● **Task details**
Return all of the records below verbatim.

:::

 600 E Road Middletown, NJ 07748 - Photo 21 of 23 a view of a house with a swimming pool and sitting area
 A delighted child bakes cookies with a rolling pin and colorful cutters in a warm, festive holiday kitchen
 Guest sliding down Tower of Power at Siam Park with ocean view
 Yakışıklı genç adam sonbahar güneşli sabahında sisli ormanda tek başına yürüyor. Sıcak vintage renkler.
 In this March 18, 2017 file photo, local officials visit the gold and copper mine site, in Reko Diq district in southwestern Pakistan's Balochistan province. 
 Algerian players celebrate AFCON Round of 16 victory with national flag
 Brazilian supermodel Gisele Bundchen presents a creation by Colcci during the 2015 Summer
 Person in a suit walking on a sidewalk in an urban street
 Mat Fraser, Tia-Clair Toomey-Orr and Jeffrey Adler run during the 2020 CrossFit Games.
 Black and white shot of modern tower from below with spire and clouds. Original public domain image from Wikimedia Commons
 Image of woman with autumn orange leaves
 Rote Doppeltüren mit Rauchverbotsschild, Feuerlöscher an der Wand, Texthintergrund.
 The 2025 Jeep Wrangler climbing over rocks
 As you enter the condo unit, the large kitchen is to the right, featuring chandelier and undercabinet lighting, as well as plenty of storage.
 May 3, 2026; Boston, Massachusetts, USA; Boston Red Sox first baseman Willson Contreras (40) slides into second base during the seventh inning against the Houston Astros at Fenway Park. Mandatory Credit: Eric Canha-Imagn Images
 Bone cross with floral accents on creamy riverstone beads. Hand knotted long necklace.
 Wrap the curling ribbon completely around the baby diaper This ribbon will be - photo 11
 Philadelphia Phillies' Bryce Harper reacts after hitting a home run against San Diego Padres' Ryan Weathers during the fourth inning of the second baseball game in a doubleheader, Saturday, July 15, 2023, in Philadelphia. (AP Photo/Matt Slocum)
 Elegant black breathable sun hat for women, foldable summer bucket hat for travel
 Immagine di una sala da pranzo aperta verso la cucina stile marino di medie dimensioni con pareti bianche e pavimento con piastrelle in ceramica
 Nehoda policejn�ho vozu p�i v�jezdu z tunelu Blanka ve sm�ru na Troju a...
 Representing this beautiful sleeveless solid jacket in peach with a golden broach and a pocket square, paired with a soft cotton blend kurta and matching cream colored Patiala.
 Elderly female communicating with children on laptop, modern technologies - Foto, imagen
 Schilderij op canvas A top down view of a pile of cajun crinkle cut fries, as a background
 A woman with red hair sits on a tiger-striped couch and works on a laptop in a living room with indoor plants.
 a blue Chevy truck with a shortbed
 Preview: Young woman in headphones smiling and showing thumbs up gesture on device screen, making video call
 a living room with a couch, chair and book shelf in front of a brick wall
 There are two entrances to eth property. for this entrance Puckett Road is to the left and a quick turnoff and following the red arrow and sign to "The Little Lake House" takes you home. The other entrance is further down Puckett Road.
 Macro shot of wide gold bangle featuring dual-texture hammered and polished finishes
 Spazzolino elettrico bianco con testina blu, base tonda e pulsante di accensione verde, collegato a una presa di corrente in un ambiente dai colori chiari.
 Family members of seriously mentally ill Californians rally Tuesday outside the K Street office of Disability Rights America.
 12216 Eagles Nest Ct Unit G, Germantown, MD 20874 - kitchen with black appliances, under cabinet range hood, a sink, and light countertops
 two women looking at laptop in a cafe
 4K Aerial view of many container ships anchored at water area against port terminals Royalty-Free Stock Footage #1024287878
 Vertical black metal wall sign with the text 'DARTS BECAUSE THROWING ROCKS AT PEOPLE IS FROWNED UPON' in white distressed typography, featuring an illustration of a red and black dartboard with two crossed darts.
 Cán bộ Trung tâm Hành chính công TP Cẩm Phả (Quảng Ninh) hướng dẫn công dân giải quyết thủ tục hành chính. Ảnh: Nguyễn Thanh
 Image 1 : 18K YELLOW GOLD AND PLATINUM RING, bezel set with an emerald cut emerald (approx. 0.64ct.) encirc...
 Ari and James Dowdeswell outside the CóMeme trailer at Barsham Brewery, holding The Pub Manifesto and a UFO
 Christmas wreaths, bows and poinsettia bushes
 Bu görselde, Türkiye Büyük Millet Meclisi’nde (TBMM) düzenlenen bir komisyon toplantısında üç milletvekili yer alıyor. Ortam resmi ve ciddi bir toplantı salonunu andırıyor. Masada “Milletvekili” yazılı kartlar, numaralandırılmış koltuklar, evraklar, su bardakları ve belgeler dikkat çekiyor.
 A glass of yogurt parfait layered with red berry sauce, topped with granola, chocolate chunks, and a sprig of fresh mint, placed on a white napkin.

:::

● **Reply**
 600 E Road Middletown, NJ 07748 - Photo 21 of 23 a view of a house with a swimming pool and sitting area
 A delighted child bakes cookies with a rolling pin and colorful cutters in a warm, festive holiday kitchen
 Guest sliding down Tower of Power at Siam Park with ocean view
 Yakışıklı genç adam sonbahar güneşli sabahında sisli ormanda tek başına yürüyor. Sıcak vintage renkler.
 In this March 18, 2017 file photo, local officials visit the gold and copper mine site, in Reko Diq district in southwestern Pakistan's Balochistan province. 
 Algerian players celebrate AFCON Round of 16 victory with national flag
 Brazilian supermodel Gisele Bundchen presents a creation by Colcci during the 2015 Summer
 Person in a suit walking on a sidewalk in an urban street
 Mat Fraser, Tia-Clair Toomey-Orr and Jeffrey Adler run during the 2020 CrossFit Games.
 Black and white shot of modern tower from below with spire and clouds. Original public domain image from Wikimedia Commons
 Image of woman with autumn orange leaves
 Rote Doppeltüren mit Rauchverbotsschild, Feuerlöscher an der Wand, Texthintergrund.
 The 2025 Jeep Wrangler climbing over rocks
 As you enter the condo unit, the large kitchen is to the right, featuring chandelier and undercabinet lighting, as well as plenty of storage.
 May 3, 2026; Boston, Massachusetts, USA; Boston Red Sox first baseman Willson Contreras (40) slides into second base during the seventh inning against the Houston Astros at Fenway Park. Mandatory Credit: Eric Canha-Imagn Images
 Bone cross with floral accents on creamy riverstone beads. Hand knotted long necklace.
 Wrap the curling ribbon completely around the baby diaper This ribbon will be - photo 11
 Philadelphia Phillies' Bryce Harper reacts after hitting a home run against San Diego Padres' Ryan Weathers during the fourth inning of the second baseball game in a doubleheader, Saturday, July 15, 2023, in Philadelphia. (AP Photo/Matt Slocum)
 Elegant black breathable sun hat for women, foldable summer bucket hat for travel
 Immagine di una sala da pranzo aperta verso la cucina stile marino di medie dimensioni con pareti bianche e pavimento con piastrelle in ceramica
 Nehoda policejn�ho vozu p�i v�jezdu z tunelu Blanka ve sm�ru na Troju a...
 Representing this beautiful sleeveless solid jacket in peach with a golden broach and a pocket square, paired with a soft cotton blend kurta and matching cream colored Patiala.
 Elderly female communicating with children on laptop, modern technologies - Foto, imagen
 Schilderij op canvas A top down view of a pile of cajun crinkle cut fries, as a background
 A woman with red hair sits on a tiger-striped couch and works on a laptop in a living room with indoor plants.
 a blue Chevy truck with a shortbed
 Preview: Young woman in headphones smiling and showing thumbs up gesture on device screen, making video call
 a living room with a couch, chair and book shelf in front of a brick wall
 There are two entrances to eth property. for this entrance Puckett Road is to the left and a quick turnoff and following the red arrow and sign to "The Little Lake House" takes you home. The other entrance is further down Puckett Road.
 Macro shot of wide gold bangle featuring dual-texture hammered and polished finishes
 Spazzolino elettrico bianco con testina blu, base tonda e pulsante di accensione verde, collegato a una presa di corrente in un ambiente dai colori chiari.
 Family members of seriously mentally ill Californians rally Tuesday outside the K Street office of Disability Rights America.
 12216 Eagles Nest Ct Unit G, Germantown, MD 20874 - kitchen with black appliances, under cabinet range hood, a sink, and light countertops
 two women looking at laptop in a cafe
 4K Aerial view of many container ships anchored at water area against port terminals Royalty-Free Stock Footage #1024287878
 Vertical black metal wall sign with the text 'DARTS BECAUSE THROWING ROCKS AT PEOPLE IS FROWNED UPON' in white distressed typography, featuring an illustration of a red and black dartboard with two crossed darts.
 Cán bộ Trung tâm Hành chính công TP Cẩm Phả (Quảng Ninh) hướng dẫn công dân giải quyết thủ tục hành chính. Ảnh: Nguyễn Thanh
 Image 1 : 18K YELLOW GOLD AND PLATINUM RING, bezel set with an emerald cut emerald (approx. 0.64ct.) encirc...
 Ari and James Dowdeswell outside the CóMeme trailer at Barsham Brewery, holding The Pub Manifesto and a UFO
 Christmas wreaths, bows and poinsettia bushes
 Bu görselde, Türkiye Büyük Millet Meclisi’nde (TBMM) düzenlenen bir komisyon toplantısında üç milletvekili yer alıyor. Ortam resmi ve ciddi bir toplantı salonunu andırıyor. Masada “Milletvekili” yazılı kartlar, numaralandırılmış koltuklar, evraklar, su bardakları ve belgeler dikkat çekiyor.
 A glass of yogurt parfait layered with red berry sauce, topped with granola, chocolate chunks, and a sprig of fresh mint, placed on a white napkin.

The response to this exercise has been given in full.